Unterland van Anne C. Voorhoeve maakt alle beloftes waar. Het ziet er niet alleen prachtig uit, het is ook prachtig. Hoofdpersoon is de 12-jarige Alice die het eiland Helgoland na een bombardement door de Britten moet achterlaten. Ze vlucht met haar familie naar Hamburg. Kan ze ooit weer terugkeren naar haar geliefde eiland Helgoland?

‘Unterland’ – dat net zo goed ‘Helgoland’ had kunnen heten – valt naadloos onder de Trümmerliteratur, zoals de  literatuur over de naoorlogse tijd in Duitsland heet. Literatuur over het ‘Stunde Null’, de periode waarin men in Duitsland met niets het land weer moest proberen op te bouwen. Het was de tijd van de denazificatie, van de Neurenburgse processen. De mensen waren berooid, woonden tussen de puinhopen, waren familieleden kwijt, waren arm, werkloos, ziek, eenzaam, hadden het koud en probeerden – hoe dan ook – te overleven. Duitsland is verdeeld in vier zones, een Amerikaanse, Franse, Russische en Britse zone. De familie van Alice komt in Hamburg terecht, dat in de Britse zone ligt. Dit is de achtergrond waarin ‘Unterland’ geschreven is.

Als Helgoland door bombardementen verwoest is, komt Alice met haar broer Henri, haar moeder, Mem, en haar oma, Ooti, terecht in het huis van de familie Kindler (inderdaad, van het bier). Vader, Foor, is er niet bij; hij moet dwangarbeid verrichten in België, via brieven houden ze contact met elkaar. De familie Kindler offert kamers in hun huis op voor mensen die niets meer hebben. Het levert pijnlijke taferelen op. Elke familie bewoont een kamer, moet met elkaar zien te dealen, de keuken en wc delen, elkaars ‘gehorigheden’ aanhoren. Geen gemakkelijke opgave. ‘Iemand verantwoordelijk te kunnen houden voor de zurige hongergeur, die als een ongewassen jas aan ons hing, voor de kou, die beet tot op het bot, voor het gekrijs vanuit de keuken: ‘Dit is ons halfuur!
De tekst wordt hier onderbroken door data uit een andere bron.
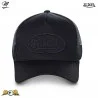 Cappello Trucker California Classic Plain per bambini (Tappi) Von Dutch chez FrenchMarket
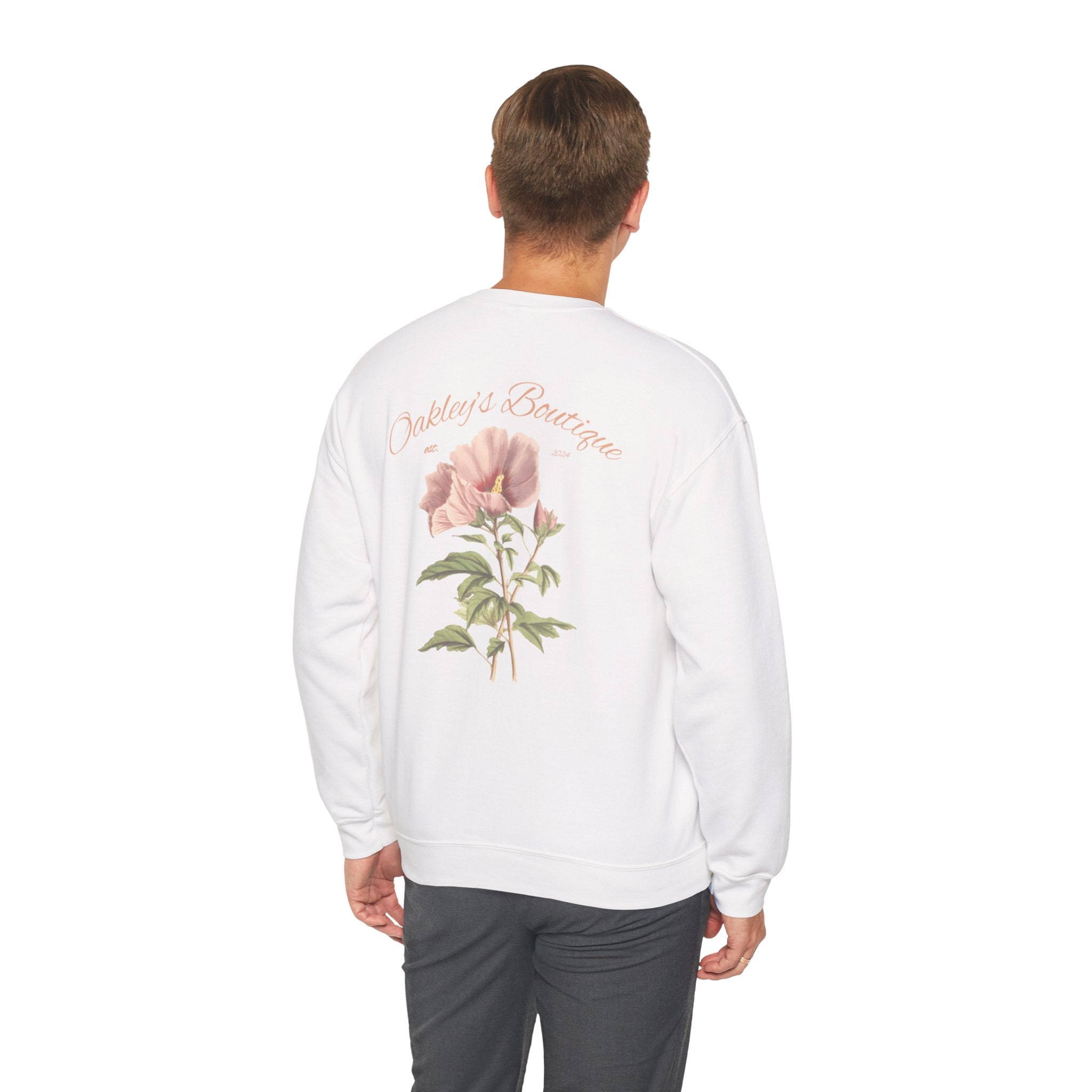 Blush Bloom Essence: Rose Script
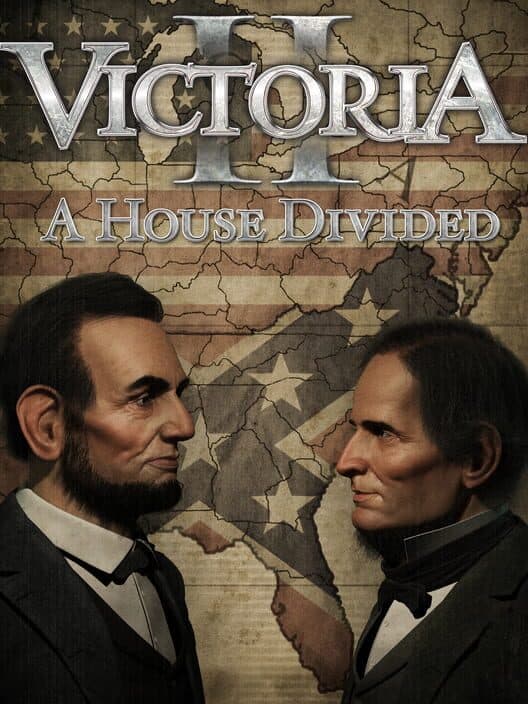 Jaquette de Victoria II: A House Divided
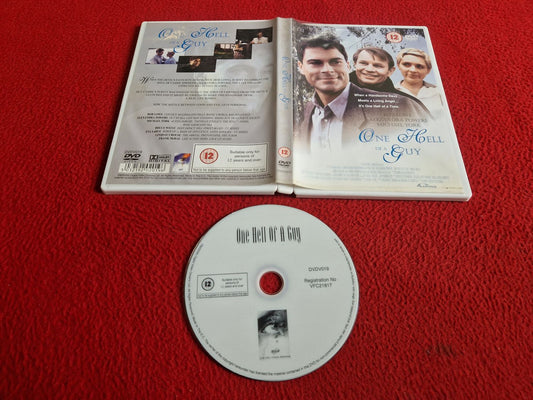 ONE HELL OF A GUY DVD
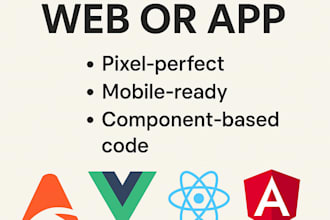 build frontend in astrojs vuejs, reactjs,top pagespeed ,seo, mobile ready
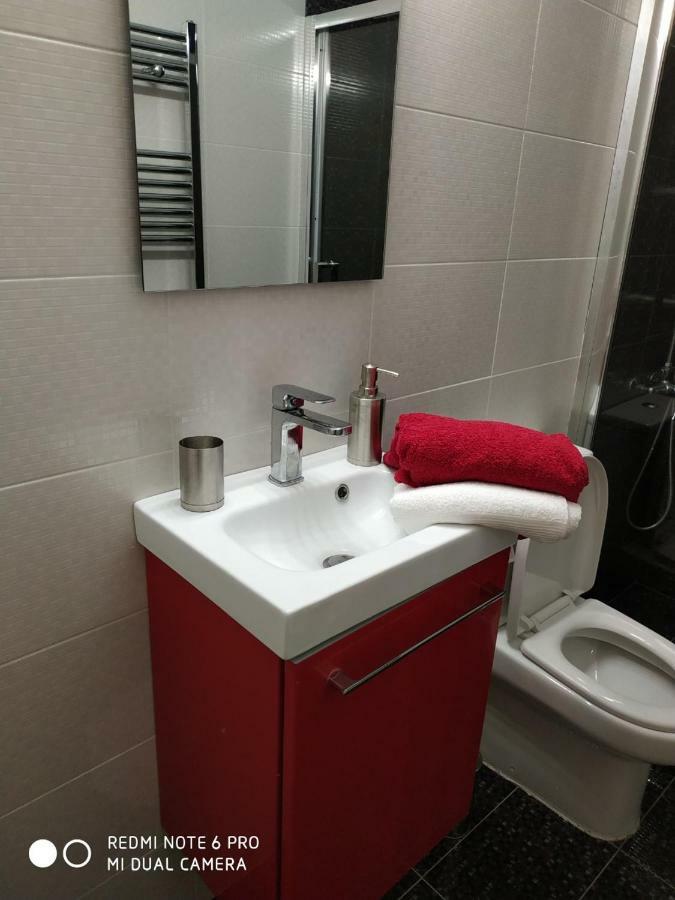 Lavim Apartments سيكيا المظهر الخارجي الصورة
Jullie zijn nog niet aan de beurt’.

Henry, Alice’ broer, is een stille jongen die van lezen en schrijven houdt. Hij weet zeker dat er een verrader onder de Helgolanders is geweest, waardoor hun eiland opgeblazen is. Hij bijt zich hierin vast, vastbesloten om er iets aan te doen. De zoektocht naar de verrader was een zaak tussen Henry en mij. ‘Dat is niet voldoende, ging Henry verder. Hij moet weten dat hij gaat sterven en waarom. Daar gaat het immers om, Alice’.
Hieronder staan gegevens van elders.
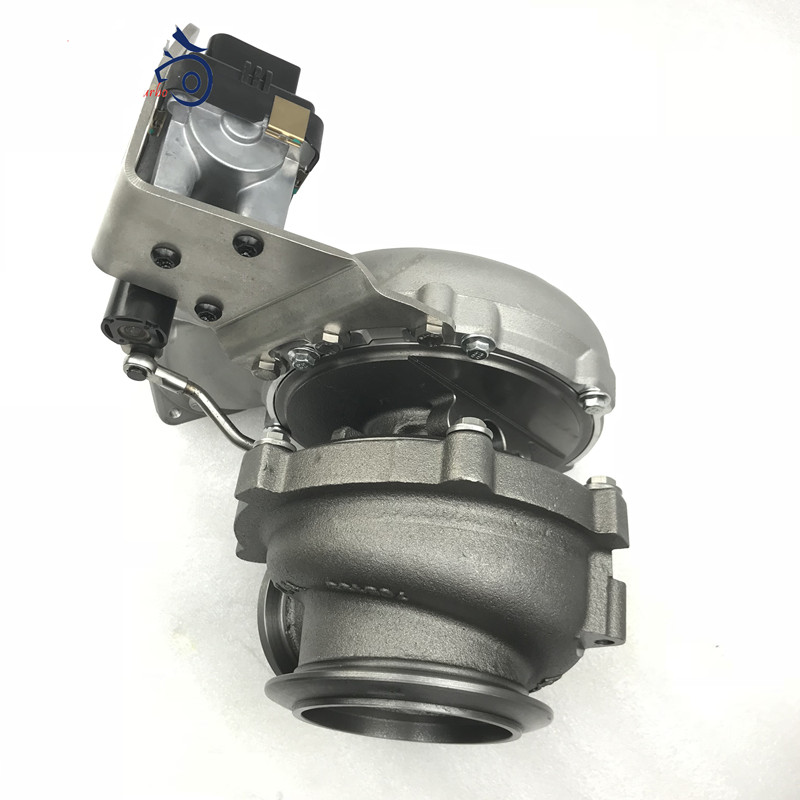 GTB2260V Twin Turbo Turbocharger for X5 3.0 E70 V8 M57TU2 Engine 765985-5010S 7796313F06 765985-0001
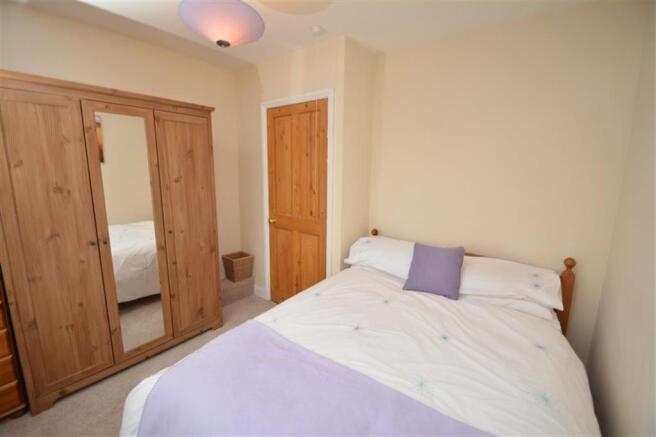 BEDROOM FOUR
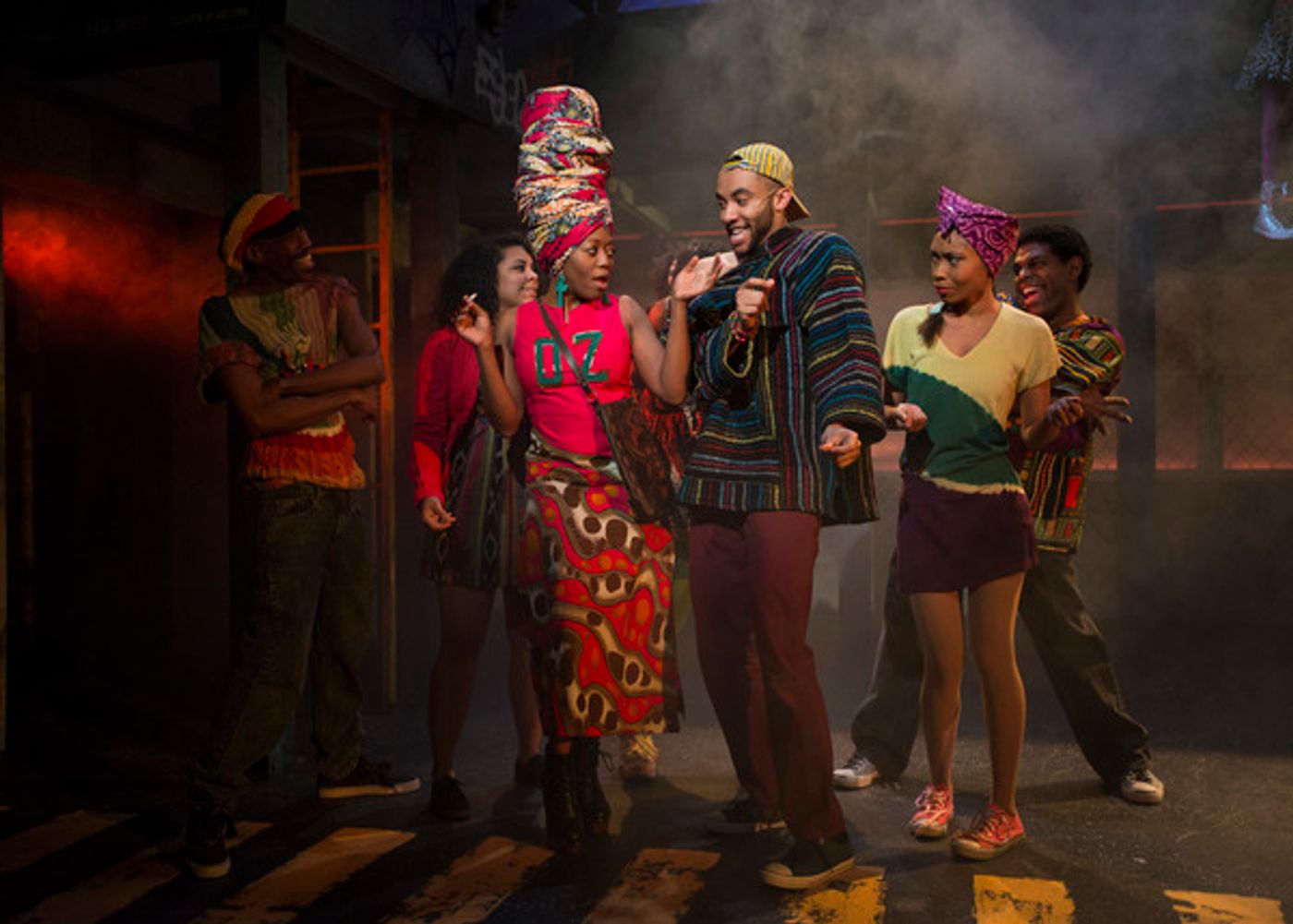 Photo Flash: Kokandy Productions Launches Fifth Anniversary Season with THE WIZ  Image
Alice is de hoofdpersoon in het verhaal, de persoon van waaruit het verhaal verteld wordt. Een dapper, nuchter 12-13-jarig meisje. Ze is door een bom haar linkeronderbeen kwijtgeraakt, waardoor ze met een prothese rondloopt. Het ongemak, het ontbreken van de juiste middelen, de honger en armoede waardoor er niet veel ‘pasbaars’ aan een sterk vermagerd been gedaan kan worden, wordt pijnlijk zichtbaar. Al zorgt Alice er zelf wel voor dat de meeste mensen niet weten wat er echt met haar been aan de hand is. ‘Het niet meer kunnen dragen van jurken heb ik nooit erg gevonden. Tegen de tijd dat ik uit het ziekenhuis kwam, was het herfst en ik kreeg het advies om broeken te dragen, omdat de stomp warm gehouden moest worden’.
‘Nora stelde me teleur. Ze liet me compleet in de steek. Het mag dan misschien een schok zijn om iemand onverwacht met een beenprothese te zien, waarover nooit ook maar iemand iets gezegd heeft….maar dat is toch geen reden om je hand voor je mond te slaan? 

Voor Alice verandert alles wanneer Wim Wollank met zijn moeder, die Alice de ‘vorstin’ noemt, een kamer in het huis gaan bewonen. Wim noemt zijn moeder ‘Lou’ naar de meelzak die ze draagt waarop ooit ‘flour’ stond.  ‘Dat was mijn eerste ontmoeting met Wim Wollank, aan het eind van de eerste winter van die koude, gevaarlijke tijd, die vrede genoemd werd’. Met Wim trekt Alice later veel op, het wordt haar vriend. Wims lijfspreuk, waarmee hij zichzelf constant weer moed insprak was ‘Wie Aussig overleefd heeft, kan alles’. Het was ‘zijn motto, waarin hij rotsvast leek te geloven’.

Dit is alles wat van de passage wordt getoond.